[Start of Attachment]

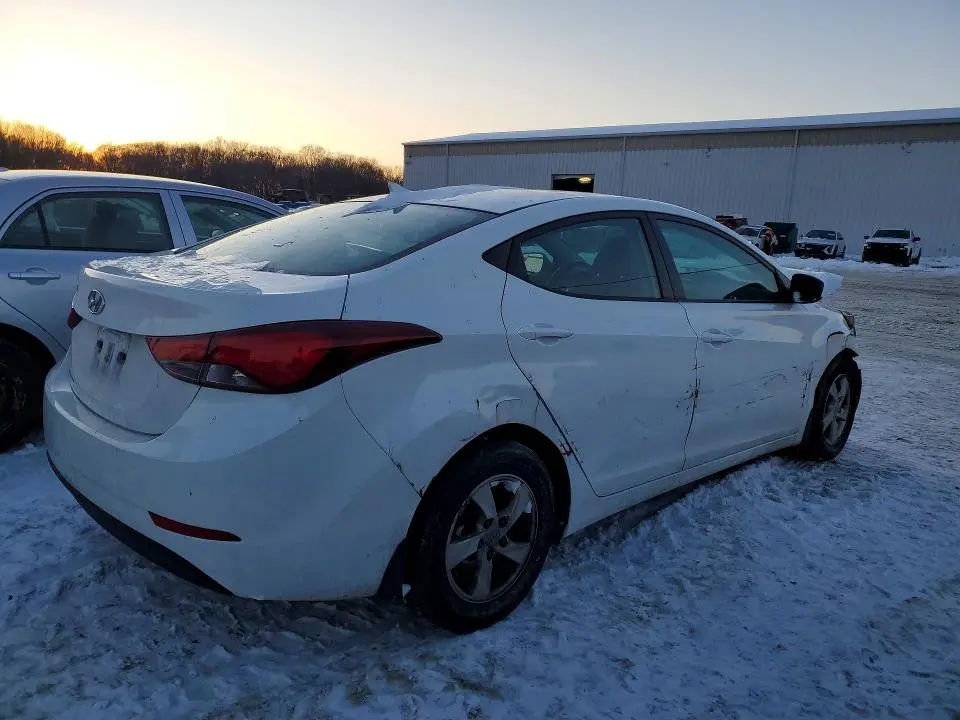 2015 HYUNDAI ELANTRA SE  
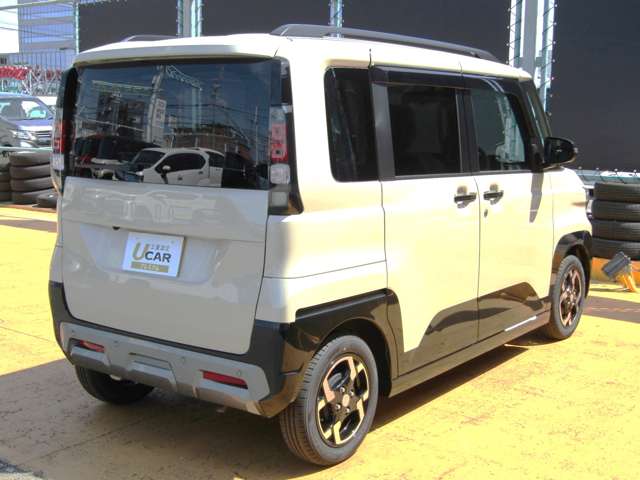 Mitsubishi Delica Mini 8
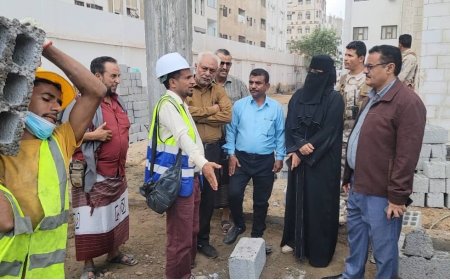 بتكلفة ( 100 ) ألف دولار..     *مدير عام المنصورة يتفقد مشروع تركيب منظومة الطاقة الشمسية بجمع خديجة بنت خويلد التعليمي "للبنات"*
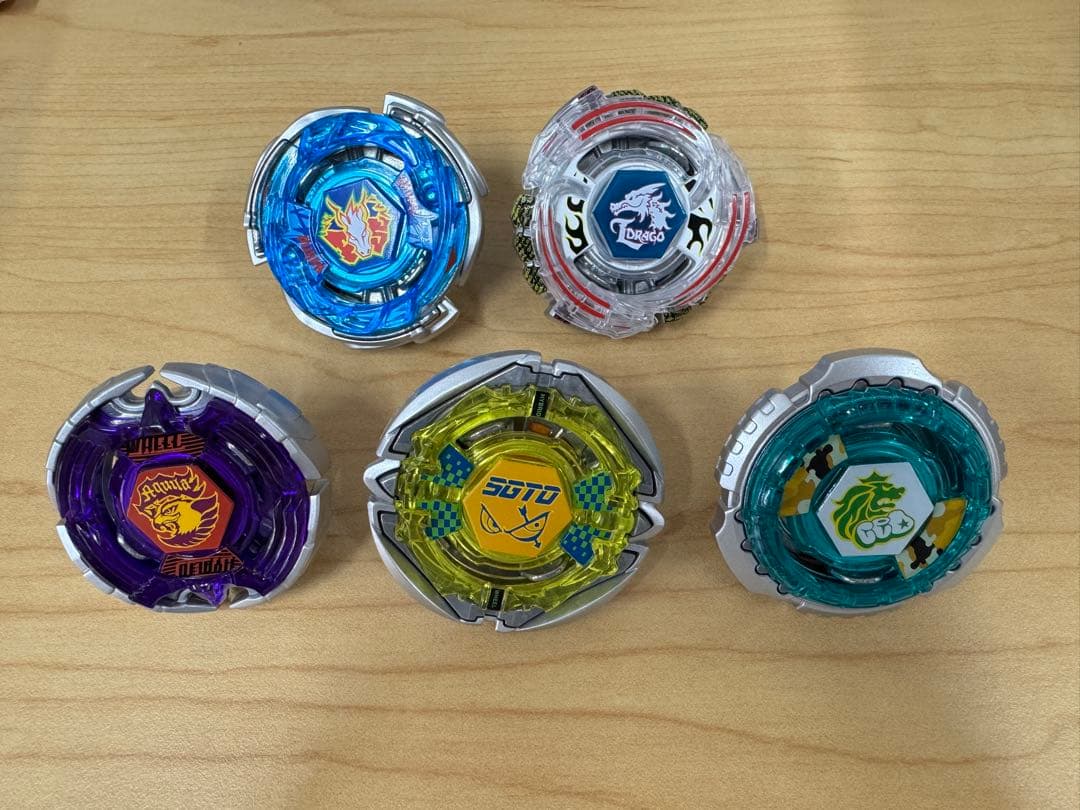 【ベイブレードバースト復刻】メタルファイトベイブレード アニメ10周年記念セット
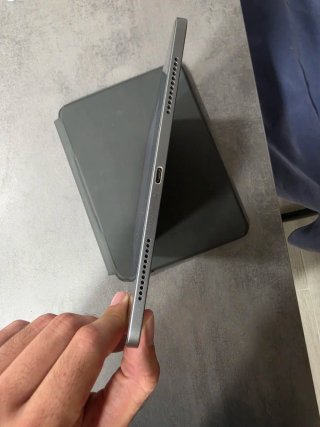 iPad Air 5ª generazione 256GB + custodia con tastiera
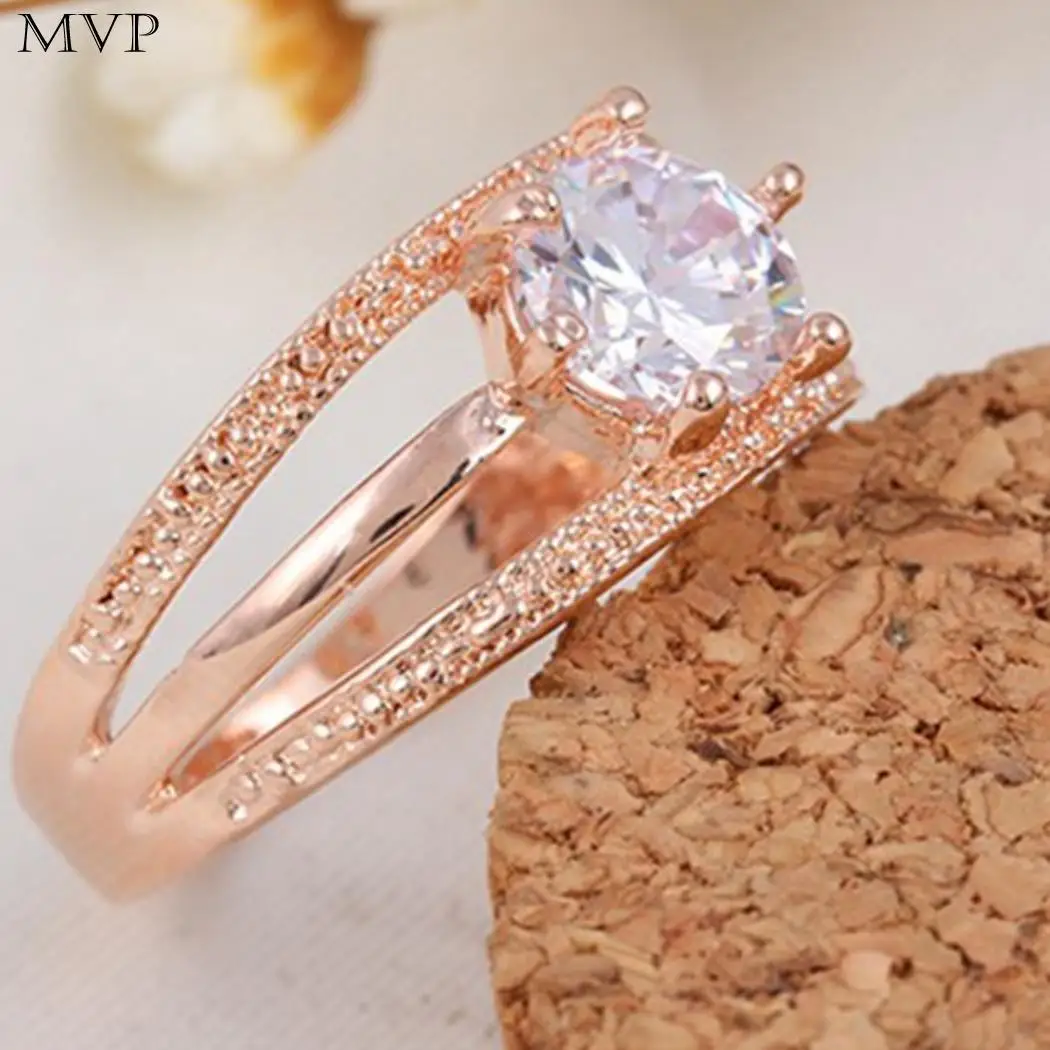 Women Fashion Personality Engagement Rhinestone Ring Wedding Jewelry Rose Gold Gift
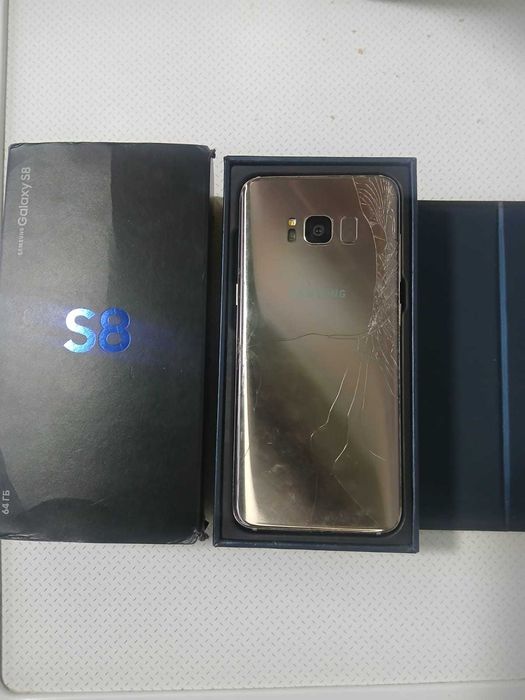 продам телефон флагман самсунг s8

[End of Attachment]

[To do] Line by line and exactly, reproduce the span from the line with "iPad Air 5ª" through the end of the data above, both ends included, with pictures left out.

[Solution for this exercise]
 iPad Air 5ª generazione 256GB + custodia con tastiera
 Women Fashion Personality Engagement Rhinestone Ring Wedding Jewelry Rose Gold Gift
 продам телефон флагман самсунг s8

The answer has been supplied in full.